* _EXERCISE DETAILS_
This exercise calls for an exact copy of the listing, with no pictures kept.

___ RECORDED DATA

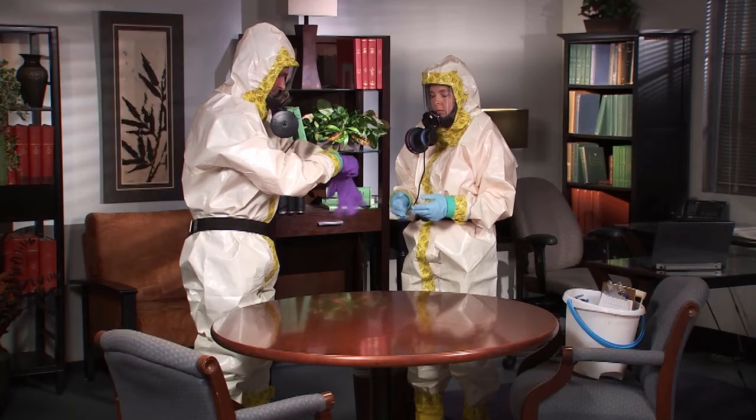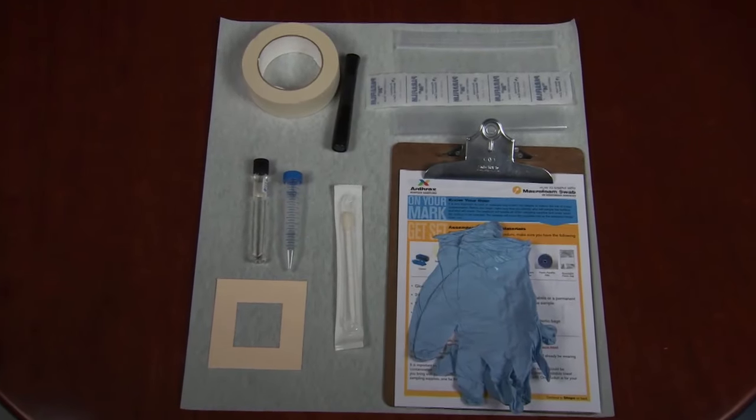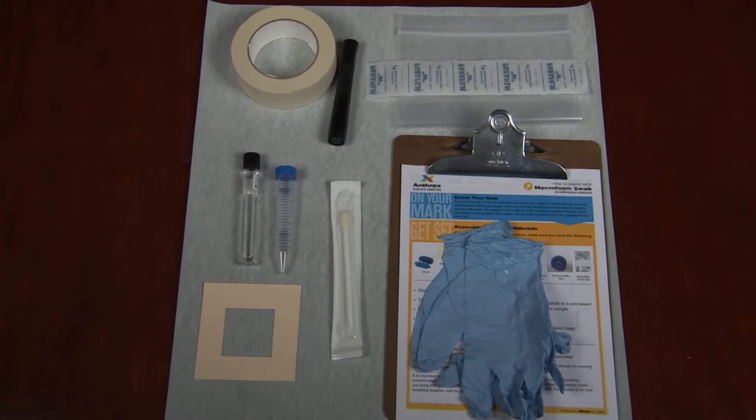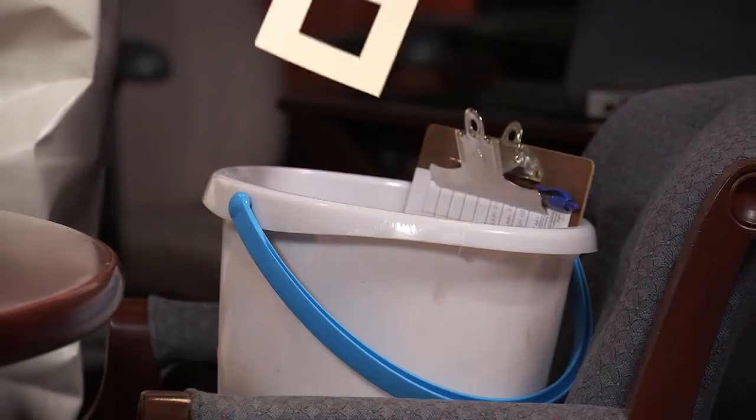While in the contaminated area, you should keep your supplies on clean surfaces. This can be done by working from 5-gallon buckets or off clean, disposable towels that you bring in with you. We will now demonstrate and explain how to collect a sample.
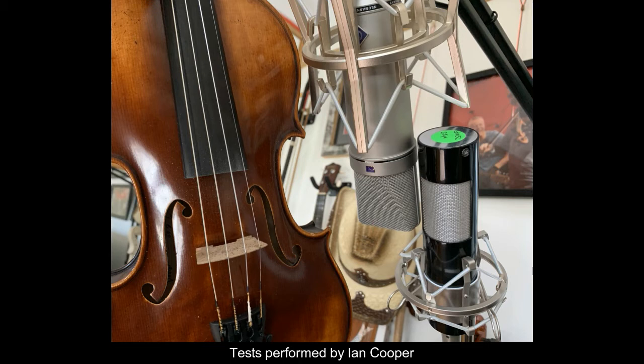Here's a less aggressive fiddle through the U87. Here's the home ribbon mic.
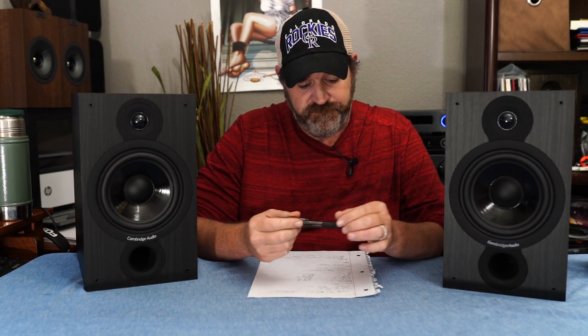These are on Amazon. There's also a 5-inch version available — the SX50 — maybe I'll get those. They're rated at 41 Hz up to 22,000 Hz. 89 dB sensitivity at 8 ohms — actually pretty easy to drive, not the easiest but not the hardest, right in the middle. Good thing is you can drive them from just about anything.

______

* _RESULT OF THE TASK_
While in the contaminated area, you should keep your supplies on clean surfaces. This can be done by working from 5-gallon buckets or off clean, disposable towels that you bring in with you. We will now demonstrate and explain how to collect a sample.
Here's a less aggressive fiddle through the U87. Here's the home ribbon mic.
These are on Amazon. There's also a 5-inch version available — the SX50 — maybe I'll get those. They're rated at 41 Hz up to 22,000 Hz. 89 dB sensitivity at 8 ohms — actually pretty easy to drive, not the easiest but not the hardest, right in the middle. Good thing is you can drive them from just about anything.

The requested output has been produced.